Exercise prompt:
Restate word for word all of the lines below, with each image left out.

Raw data:
[Start of section]

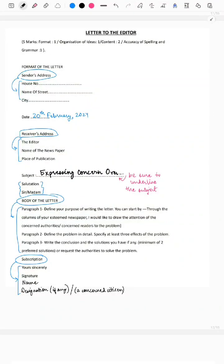Hi everyone. Let's quickly look at the format of a letter to the editor. It comes for five marks in the paper. Format is for one mark, organization of ideas is for one mark, content is for two marks, and accuracy of spelling and grammar is for one mark. First, you write the sender's address in the given format.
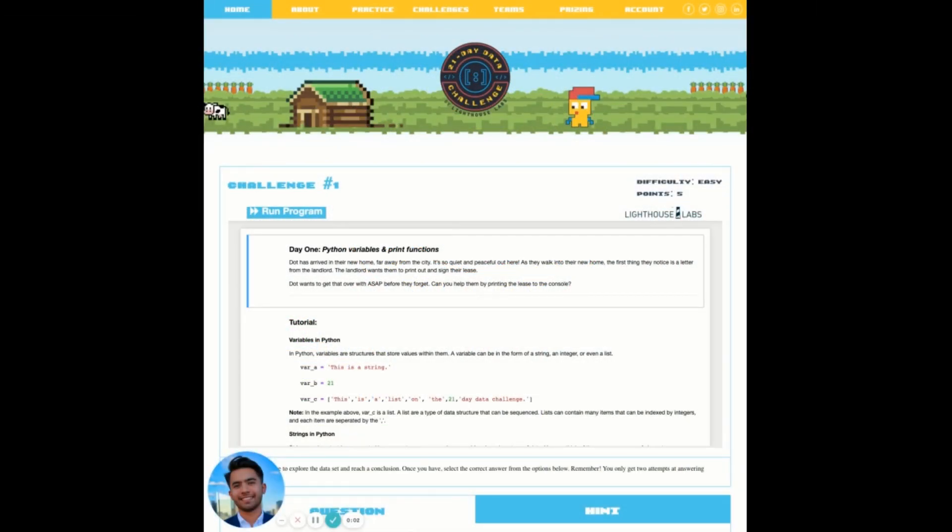Hi, I'm Andrew and welcome to the tutorial on how to use the Jupyter Notebook in the 21 day data challenge. You can see on the screen we are presented with a built-in Jupyter IDE.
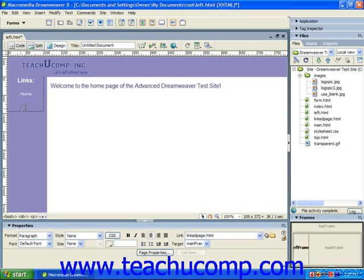You can also insert flash buttons into your website to enhance the visual appeal of the website and give your visitors fancier buttons to click. Like the flash text, the flash buttons are actually small animation files. You can insert a flash button by first clicking into the place in the webpage where you want to insert the flash button.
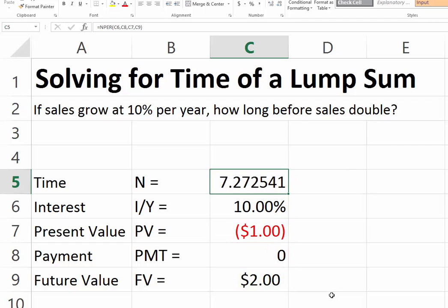We hit Enter, and the result is 7.27 years — that is how long it will take for sales to double if they continue to grow at 10% per year.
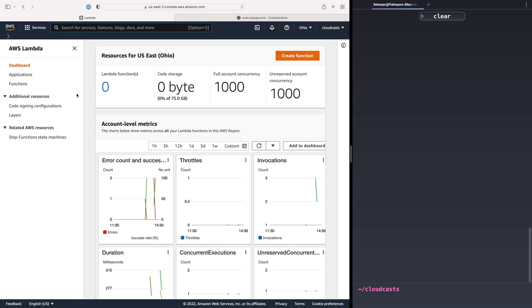Lambda provides us a way to create functions, and each function is literally just a function that you code up, and it can do a thing or many things. What makes us serverless is that AWS manages all the infrastructure behind it. There's no server that you have to care about. You basically get a little environment, you define how much memory and CPU you need in that environment, and you code up a function and give that function to AWS to run when something happens.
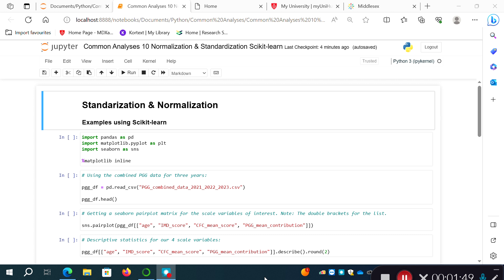In the last video I covered standardization of data, which is also a scaling technique where we transform the data so the variable has a mean of zero and a standard deviation of one. This essentially creates a Z-score — it puts the data on the Z-score scale with the properties of a standard normal distribution. Standardization is most useful when our data meets the assumptions of, or closely approximates, a normal or Gaussian distribution.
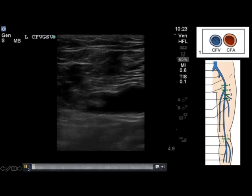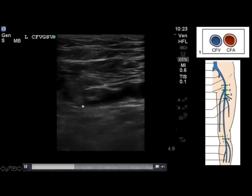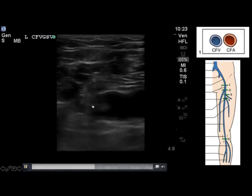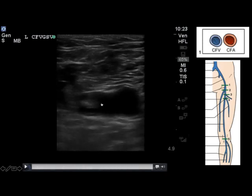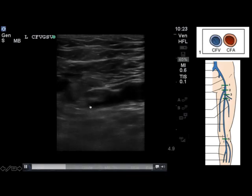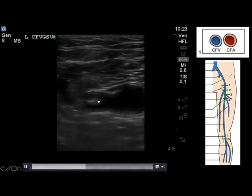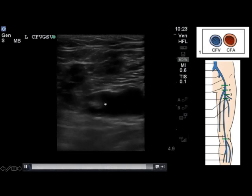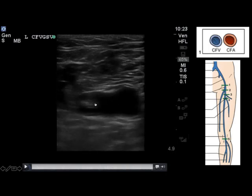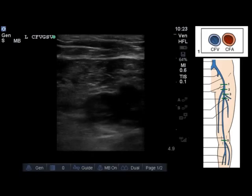You're able to see a little bit of echogenic material within the lumen of the vein even before compressing, but it becomes very apparent on attempted compression that we're unable to fully oppose the walls of the vein and that this echogenic material is indeed a deep venous thrombosis of this patient's left leg.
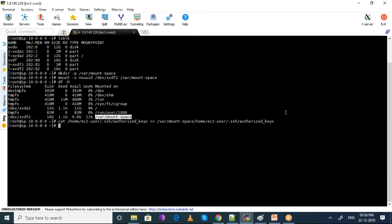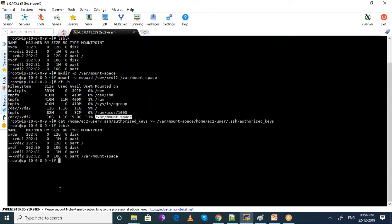Now say umount and specify the mount space. If you run df -h you can see just one disk now. If we run lsblk it also confirms. Since I have copied the authorized keys, I am going to detach this volume from the recovery machine.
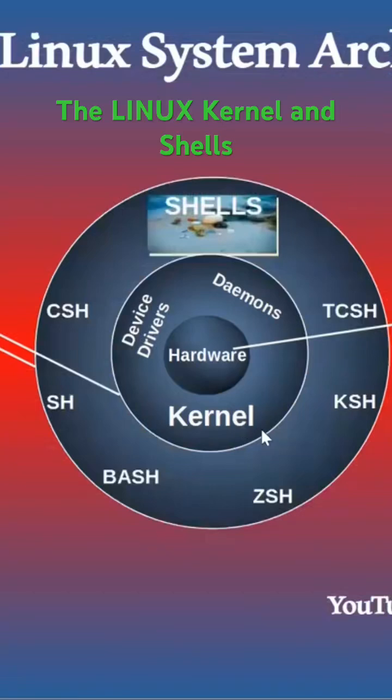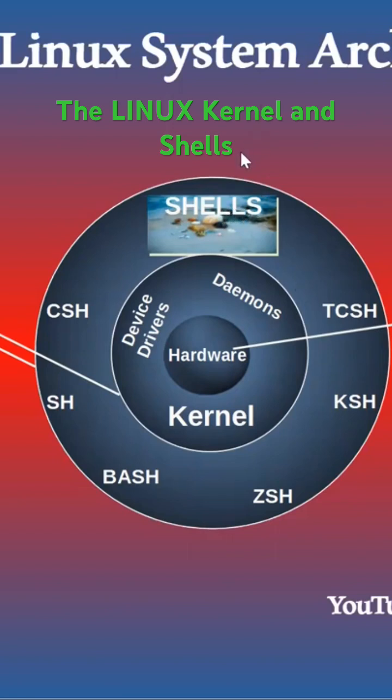The kernel has an interface in front of it that is the shells. The shells are basically a way of the user having some sort of command line or interface to talk to the kernel.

[End of section]

Answer area:
Hi everyone. Let's quickly look at the format of a letter to the editor. It comes for five marks in the paper. Format is for one mark, organization of ideas is for one mark, content is for two marks, and accuracy of spelling and grammar is for one mark. First, you write the sender's address in the given format.
Hi, I'm Andrew and welcome to the tutorial on how to use the Jupyter Notebook in the 21 day data challenge. You can see on the screen we are presented with a built-in Jupyter IDE.
You can also insert flash buttons into your website to enhance the visual appeal of the website and give your visitors fancier buttons to click. Like the flash text, the flash buttons are actually small animation files. You can insert a flash button by first clicking into the place in the webpage where you want to insert the flash button.
We hit Enter, and the result is 7.27 years — that is how long it will take for sales to double if they continue to grow at 10% per year.
Lambda provides us a way to create functions, and each function is literally just a function that you code up, and it can do a thing or many things. What makes us serverless is that AWS manages all the infrastructure behind it. There's no server that you have to care about. You basically get a little environment, you define how much memory and CPU you need in that environment, and you code up a function and give that function to AWS to run when something happens.
In the last video I covered standardization of data, which is also a scaling technique where we transform the data so the variable has a mean of zero and a standard deviation of one. This essentially creates a Z-score — it puts the data on the Z-score scale with the properties of a standard normal distribution. Standardization is most useful when our data meets the assumptions of, or closely approximates, a normal or Gaussian distribution.
You're able to see a little bit of echogenic material within the lumen of the vein even before compressing, but it becomes very apparent on attempted compression that we're unable to fully oppose the walls of the vein and that this echogenic material is indeed a deep venous thrombosis of this patient's left leg.
Now say umount and specify the mount space. If you run df -h you can see just one disk now. If we run lsblk it also confirms. Since I have copied the authorized keys, I am going to detach this volume from the recovery machine.
The kernel has an interface in front of it that is the shells. The shells are basically a way of the user having some sort of command line or interface to talk to the kernel.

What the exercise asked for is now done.